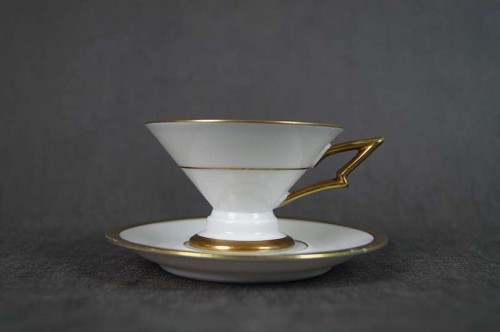 Beyer &amp; Bock białe Art deco - espresso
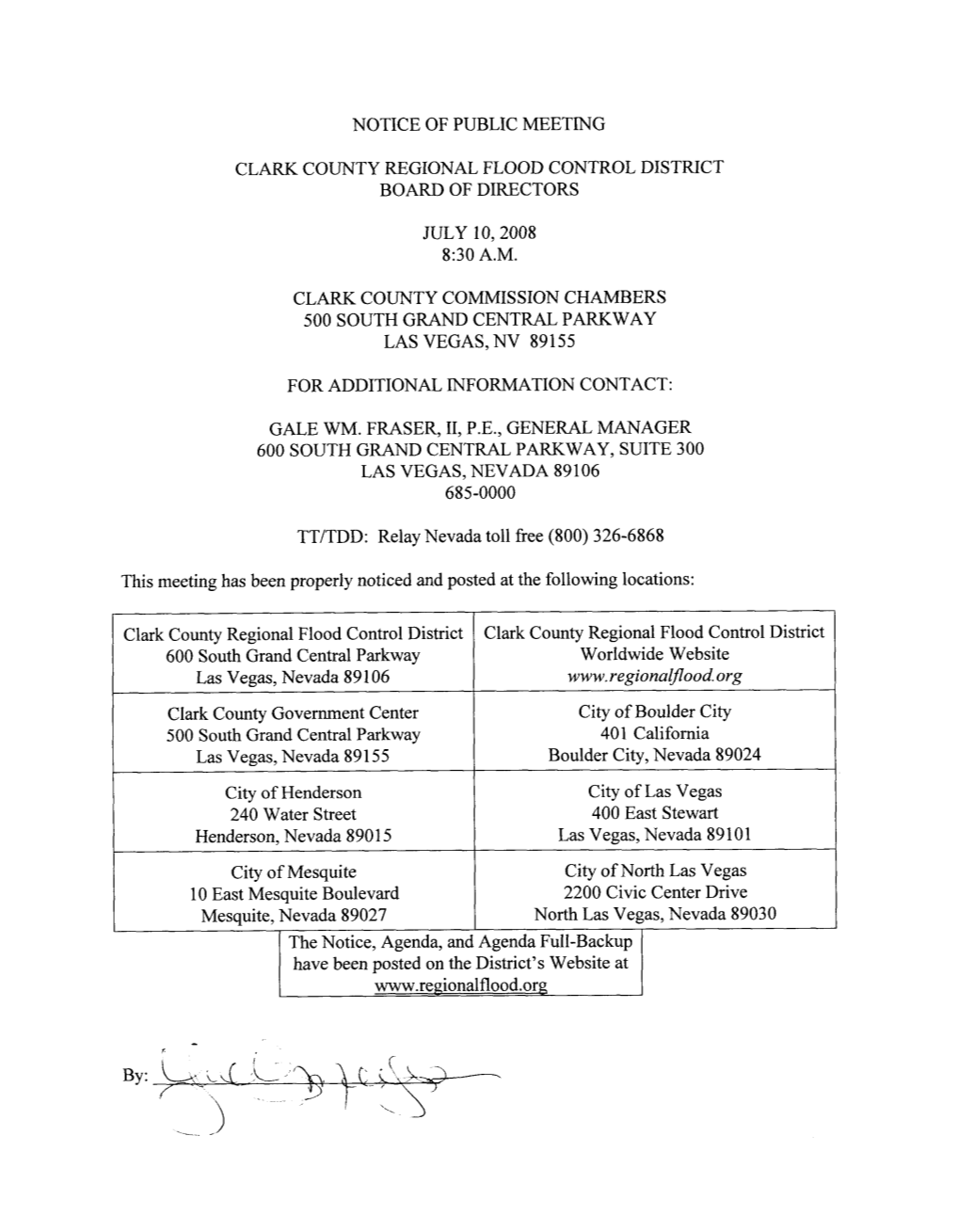 Agenda Clark County Regional Flood Control District Board of Directors July 10,2008 8:30 A.M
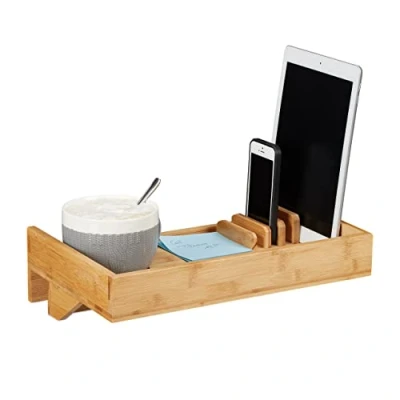 Afbeelding van Relaxdays bedplank bamboe nachtkastje aan bed nachtplank bedtafel hangend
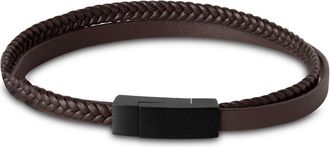 Bruno Magli Mens Double Strand Leather Bracelet, Mahogany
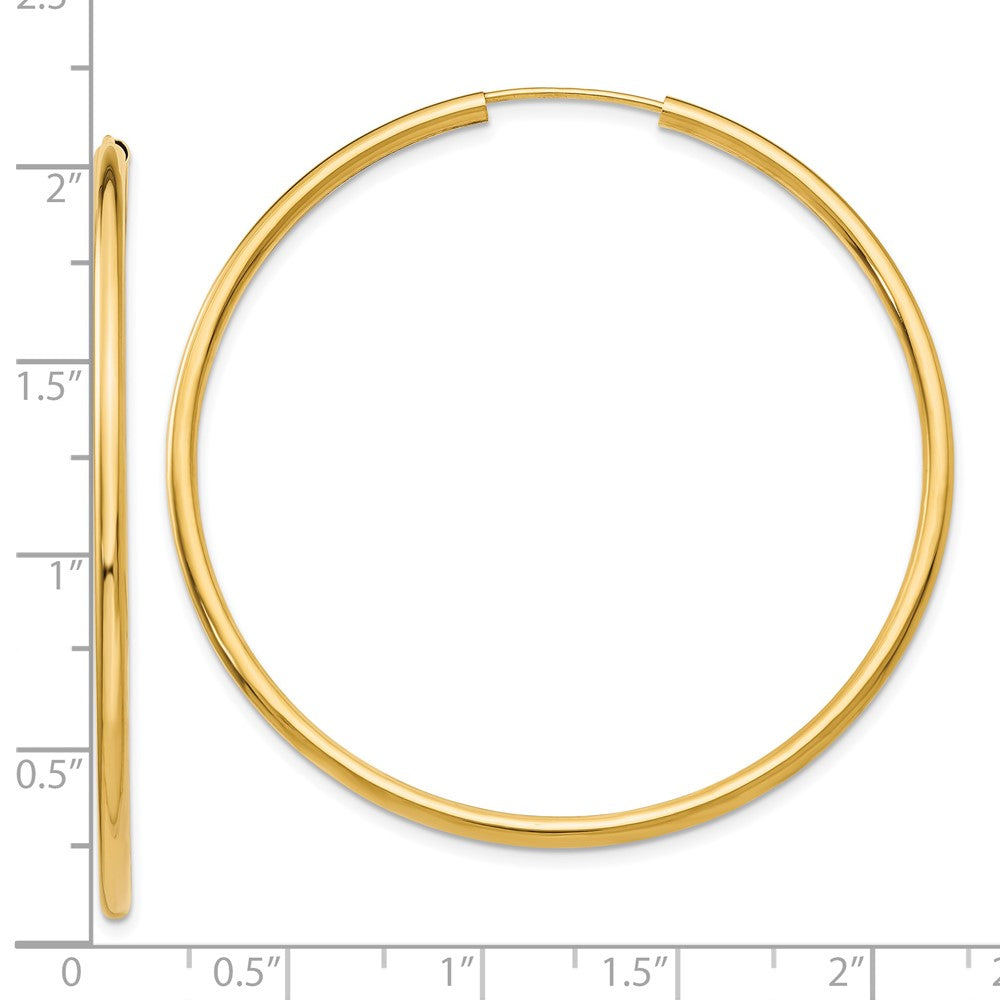 10K Gelbgold Poliert Rund Endlos 2mm Creolen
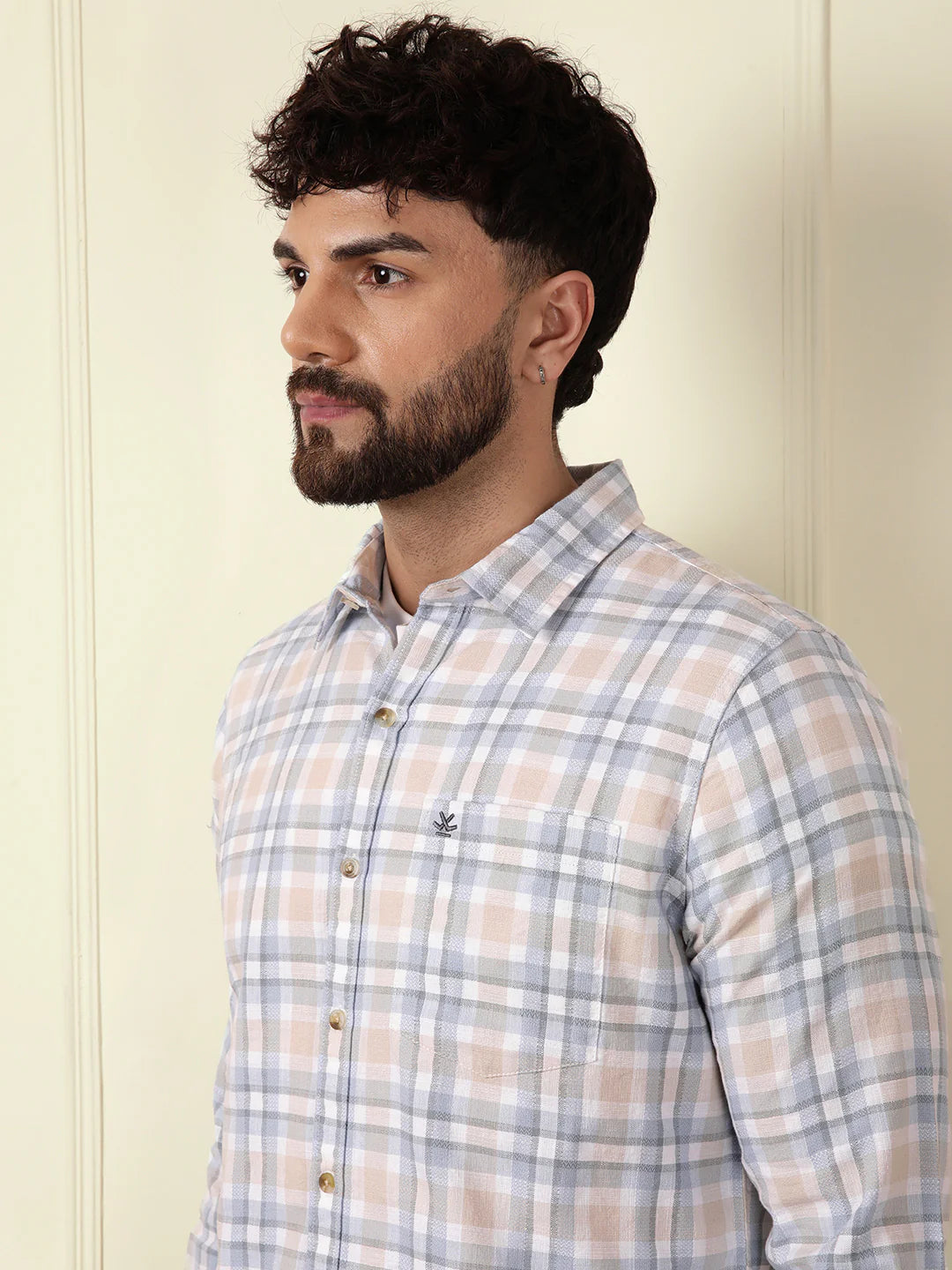 Tonal Checked Casual Shirt | Light Blue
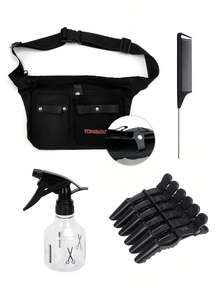 Multi-Functional Hair Styling Clips, Alligator Clips, Duck Bill Clips, Hairstylist's Choice, Hair Dye Spray Bottle, Water Spray Bottle, Pointed Tail Comb, Steel Needle Comb, Highlighting Comb, Teasing Comb, Multi-Functional Waist Bag - Multicolor - View 14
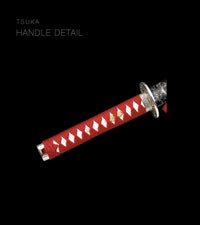 Unsharpened Collector Katana — Red Ito, Line-Pattern Saya — gallery image 5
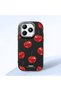 Realme Note 60/60X Compatible Shock-Absorbing Camera Protected Black Silicone Case Cherry Patterned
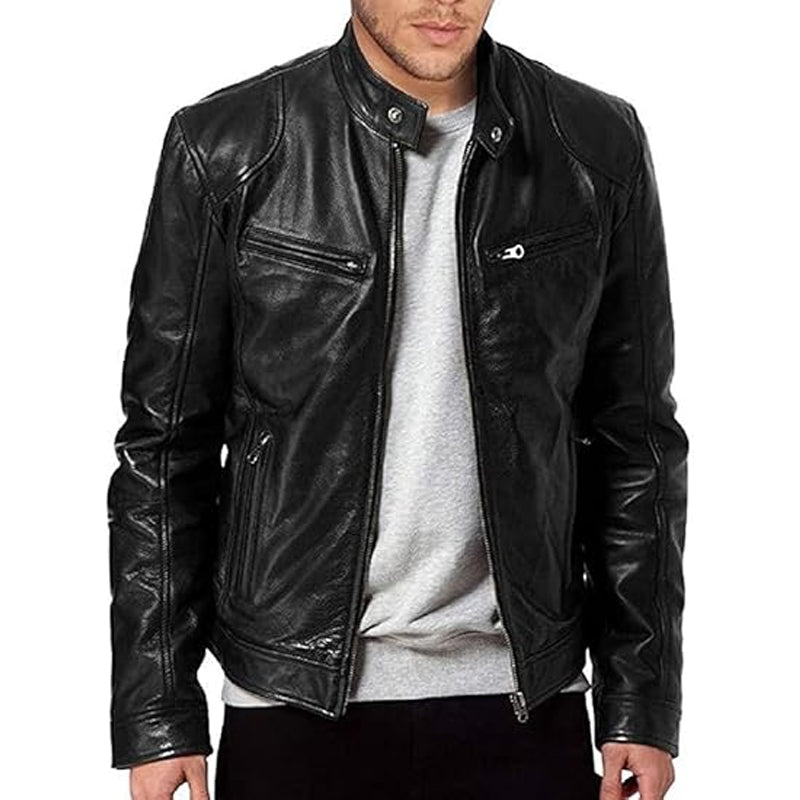 Chaqueta de piel con cremallera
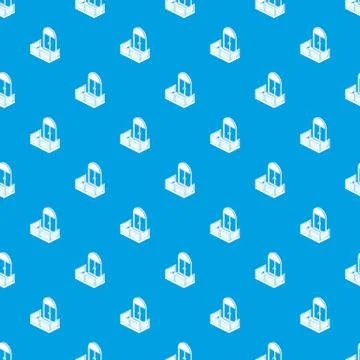 Wood balcony pattern seamless blue Stock Illustration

***

Your objective: In the data above, start at the line holding "Tonal Checked Casual Shirt | Light Blue" and stop after the line holding "Unsharpened Collector Katana"; write out those lines exactly, without pictures.

Solution for this task:
 Tonal Checked Casual Shirt | Light Blue
 Multi-Functional Hair Styling Clips, Alligator Clips, Duck Bill Clips, Hairstylist's Choice, Hair Dye Spray Bottle, Water Spray Bottle, Pointed Tail Comb, Steel Needle Comb, Highlighting Comb, Teasing Comb, Multi-Functional Waist Bag - Multicolor - View 14
 Unsharpened Collector Katana — Red Ito, Line-Pattern Saya — gallery image 5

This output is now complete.